Just wanted to follow up on some recent posts about Burger King’s much-discussed merger with Canada-based Tim Hortons. Whatever the fast-food giant’s full list of motivations for relocating its headquarters north of the border, the deal has drawn renewed attention to our abysmally inefficient corporate-tax system, which suffers from a high statutory rate, an Amazon rainforest of distortionary loopholes, and a worldwide scope that forces American multinationals to pay the equivalent of the steep U.S. tax rate on foreign-earned profits they wish to repatriate. Most other countries have a territorial corporate-tax system, albeit with various modifications. As Harvard economist Martin Feldstein has written, their multinationals generally “pay only a small token tax if they bring their after-tax profits back to their home country.”
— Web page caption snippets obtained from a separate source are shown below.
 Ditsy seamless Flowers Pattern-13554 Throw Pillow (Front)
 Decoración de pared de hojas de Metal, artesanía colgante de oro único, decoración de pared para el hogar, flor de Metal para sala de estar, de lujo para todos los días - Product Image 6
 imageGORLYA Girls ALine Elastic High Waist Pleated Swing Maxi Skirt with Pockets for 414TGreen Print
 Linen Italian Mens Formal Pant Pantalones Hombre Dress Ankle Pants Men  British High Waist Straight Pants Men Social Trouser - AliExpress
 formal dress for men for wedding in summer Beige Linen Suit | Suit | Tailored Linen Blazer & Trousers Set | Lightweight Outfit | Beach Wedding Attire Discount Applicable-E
A few weeks ago, right around the time of the Burger King/Tim Hortons announcement, another Harvard economist made a strong case for eliminating the corporate-income tax entirely. Writing in the New York Times, Greg Mankiw explained how corporate-tax repeal could fit within a larger tax overhaul:

“Perhaps the boldest and best response to corporate inversions is to completely rethink the basis of corporate taxation. The first step is to acknowledge that corporations are more like tax collectors than taxpayers. The burden of the corporate tax is ultimately borne by people — some combination of the companies’ employees, customers and shareholders. After recognizing that corporations are mere conduits, we can focus more directly on the people.
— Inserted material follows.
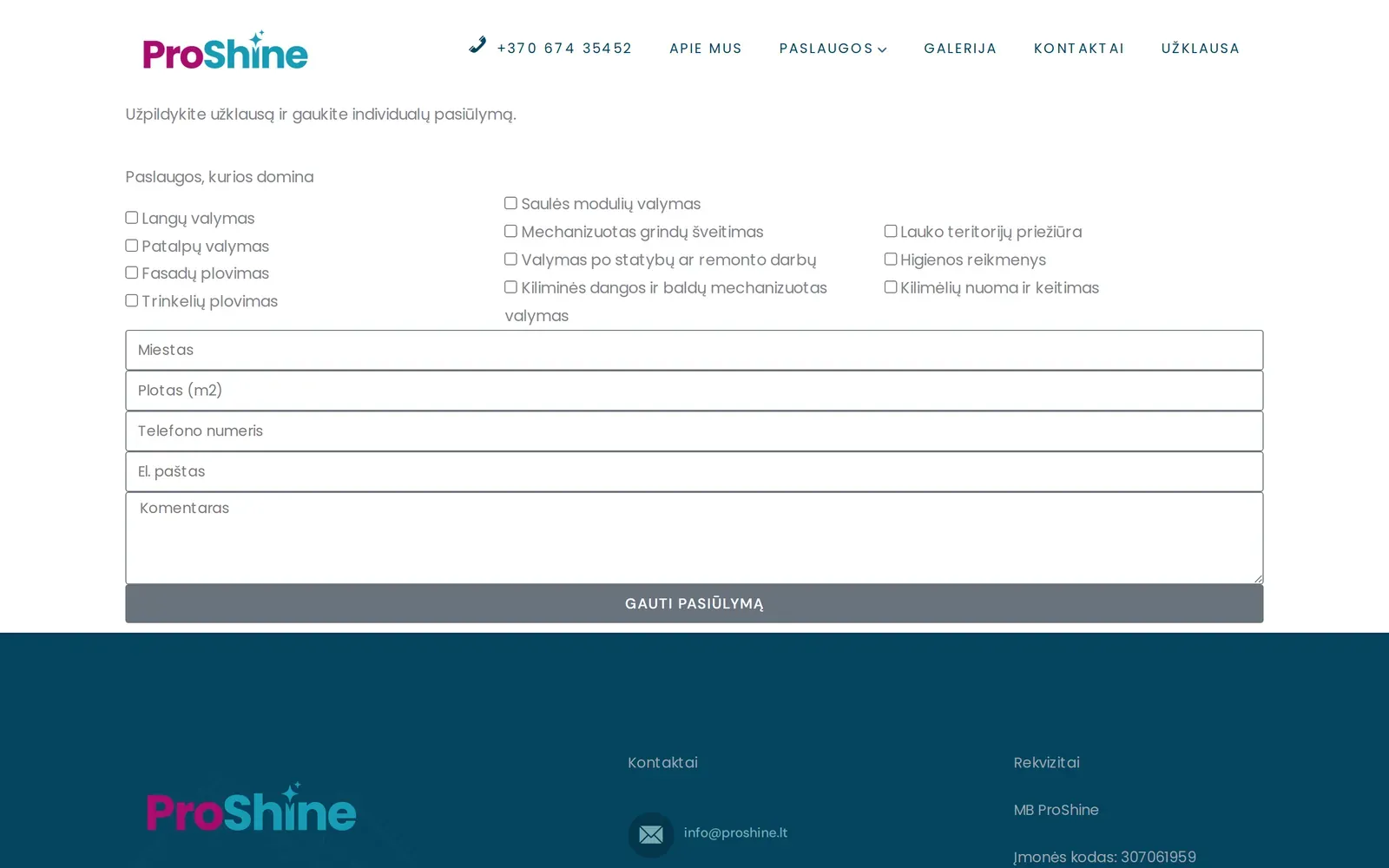 proshine.lt – užklausos forma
“A long tradition in political philosophy and economics, dating back about four centuries to Thomas Hobbes, suggests that the amount that a person consumes is the right basis for taxation. A broad-based consumption tax asks a person to contribute to support the government according to how much of the economy’s output of goods and services he or she enjoys. It doesn’t matter whether the resources for that consumption come from wages, interest, rent, dividends, capital gains or inheritance.
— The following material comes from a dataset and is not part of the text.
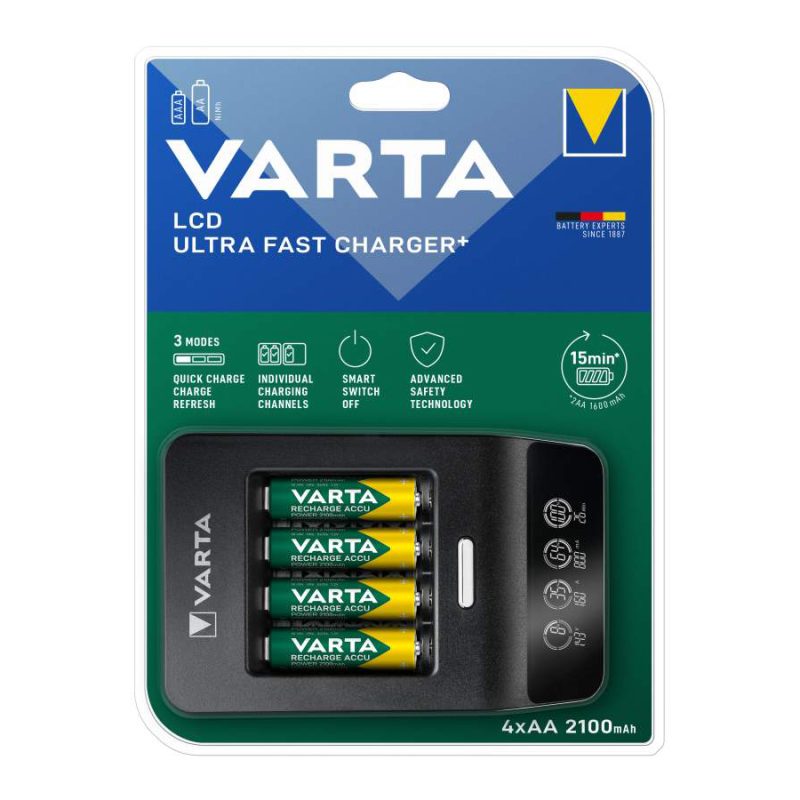 LCD Ultra Fast Charger with 4xAA 2100 mAh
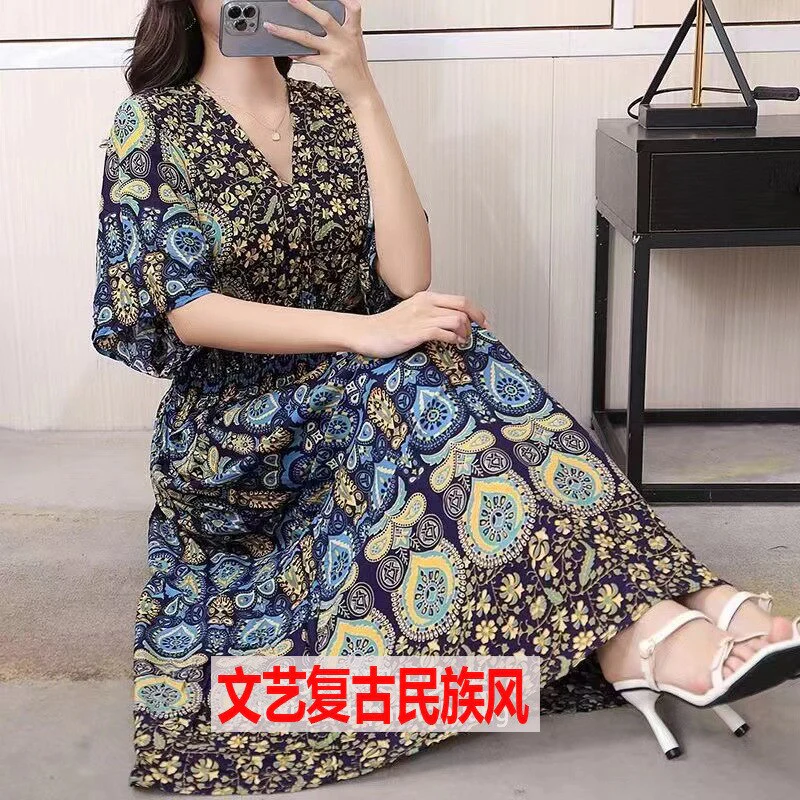 Summer Poplin Dresses Women Round Neck Puff Short Sleeve A Line Print Dresses Ethnic Style Tight High Waist Long Dress 2023 - Image 12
“So here’s a proposal: Let’s repeal the corporate income tax entirely, and scale back the personal income tax as well. We can replace them with a broad-based tax on consumption. The consumption tax could take the form of a value-added tax, which in other countries has proved to be a remarkably efficient way to raise government revenue.


“Some may worry that a flat consumption tax is too easy on the rich or too hard on the poor. But there are ways to address these concerns. One possibility is to maintain a personal income tax for those with especially high incomes. Another is to use some revenue from the consumption tax to fund universal fixed rebates — sometimes called demogrants. Of course, the larger the rebate, the higher the tax rate would need to be.

“Major tax reform may be too much to hope for, given the current dysfunction in Washington. Nonetheless, it’s worth keeping the possibilities in mind. Corporate tax inversions aren’t the largest problem facing the nation, but they are a reminder that a better tax system is within reach, and that only politics stands in the way.”

The case for corporate-tax repeal has also been made by journalists Megan McArdle and Kevin Williamson, along with Boston University economist Laurence Kotlikoff. According to research by Kotlikoff and other analysts, “eliminating the United States’ corporate income tax produces rapid and dramatic increases in American investment, output and real wages, making the tax cut self-financing to a significant extent. Somewhat smaller gains arise from revenue-neutral corporate tax base broadening, specifically cutting the corporate tax rate to 9 percent and eliminating all corporate tax loopholes. Both policies generate welfare gains for all generations in the United States, but particularly for young and future workers. Moreover, all Americans can benefit, though by less, if foreign countries also cut their corporate tax rates.”